Normally, when I think of a spinach and feta pie, I think of some rendition of spanikopita. The savory Greek dish has a filling made with spinach, feta and eggs that is sandwiched between layers of filo dough. The spinach-feta combination is a winner in my book and I like it in any form. I used the idea of a spanikopita-type filling as inspiration for the filling of this savory, open-faced pie.
This is a good brunch dish, but is also a great vegetarian dinner option when you’re looking for something quick and easy. The filling is actually similar to a fritatta in makeup. I started with cooked garlic, onions and spinach, and added in eggs and feta cheese.
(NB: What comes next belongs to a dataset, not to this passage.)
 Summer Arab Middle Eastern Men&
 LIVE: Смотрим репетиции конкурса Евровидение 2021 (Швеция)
The filling isn’t overly eggy but is enough to hold all the other ingredients together. It bakes up to be firm, but tender, and is best eaten when it is fresh out of the oven. The spinach – even though it is cooked before being added to the filling – could give off some additional moisture as the pie sits, whether at room temperature or in the fridge. The flavor of any leftovers is still good, of course, but perhaps not ideal for serving to guests.
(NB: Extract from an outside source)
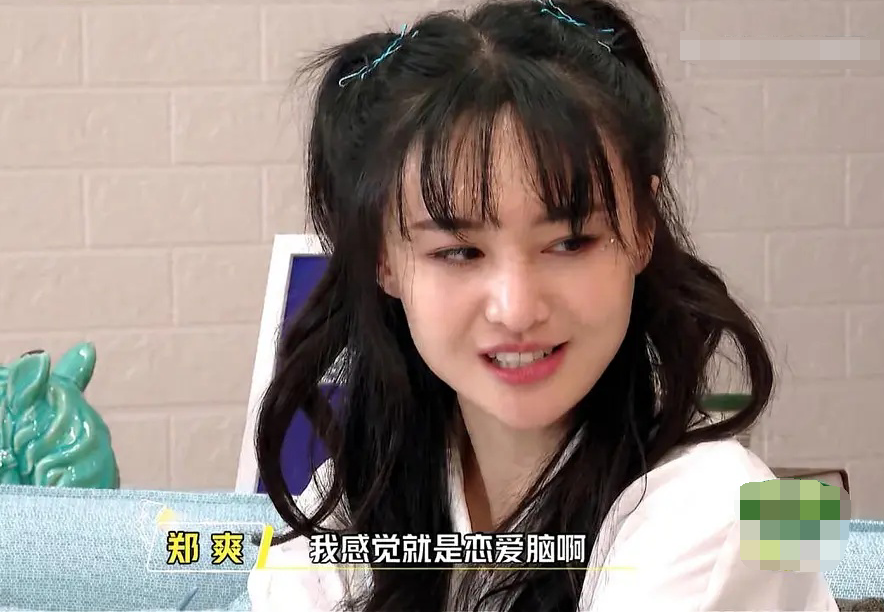 郑爽太想谈恋爱?在综艺尬撩男星:告白吴亦凡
One of the most interesting things about this pie is the crust. I used sliced (whole grain) sandwich bread pressed into the pie plate to form the base of the pie. It’s quick, easy and you can use any type of bread you like. Be sure to press the bread down very firmly so that it makes a good seal in the pie plate. It is ideal if you have two pie plates and can sandwich the bread crust in between them to press it into place. A traditional crust can be used (it should be baked before the filling is added if you go this route), but this makes it a bit more unique. The bread bakes up to be quite sturdy and presents a nice contrast for the slightly eggy filling. The top crusts can be removed if you prefer a more uniform/traditional appearance.
Spinach and Feta Pie
5-6 slices sandwich bread (any kind)
1/2 medium (red or yellow) onion, minced
1 clove garlic, minced
8-ounces fresh baby spinach
1/2 tsp ground cumin
salt and pepper, to taste
5 large eggs
1/2 cup feta cheese, crumbled
Preheat oven to 350F.
Butter a 9-10 inch pie plate and arrange bread slices so that they cover the sides and bottom of the pan (I fanned 5 around and placed one in the center). Press down firmly, or use another pie plate to compress the bread, creating a fairly even layer that covers the entire pie plate.
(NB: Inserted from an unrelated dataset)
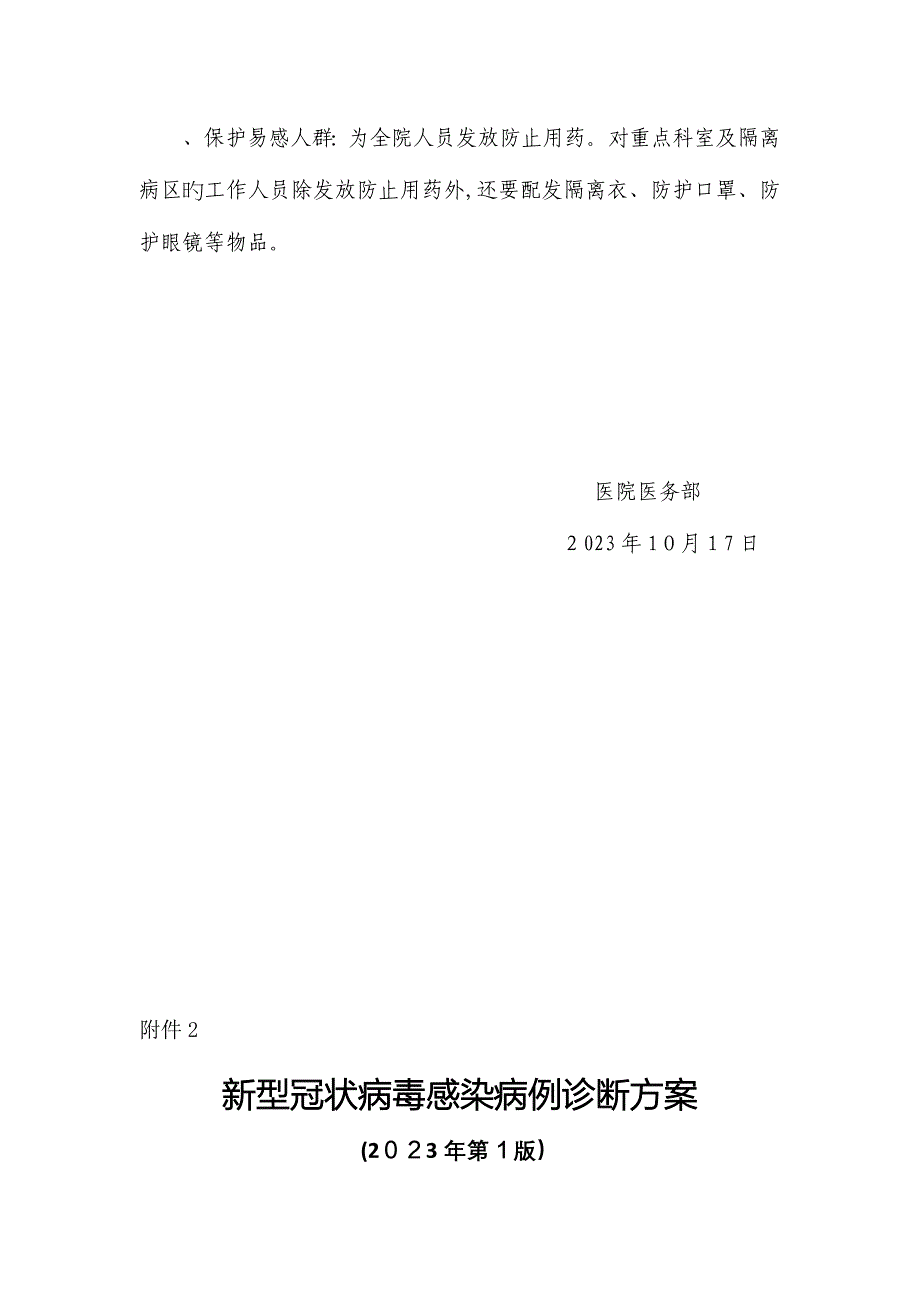 2023年医院冠状病毒应急预案_第3页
In a medium-sized frying pan, over medium-high heat, saute onions until onions are tender, about 5 minutes. Add in garlic and cook for an additional minute. Add spinach, cumin, salt and pepper and cook until spinach is well done and the mixture is no longer watery. Cool for at least 5 minutes, until warm but not hot.
In a large bowl, whisk eggs thoroughly. Stir in spinach mixture and feta cheese. Pour into prepared crust.
Bake for 25 minutes, until center of the pie is set and does not jiggle.
Cool for about 5 minutes, then cut into slices and serve.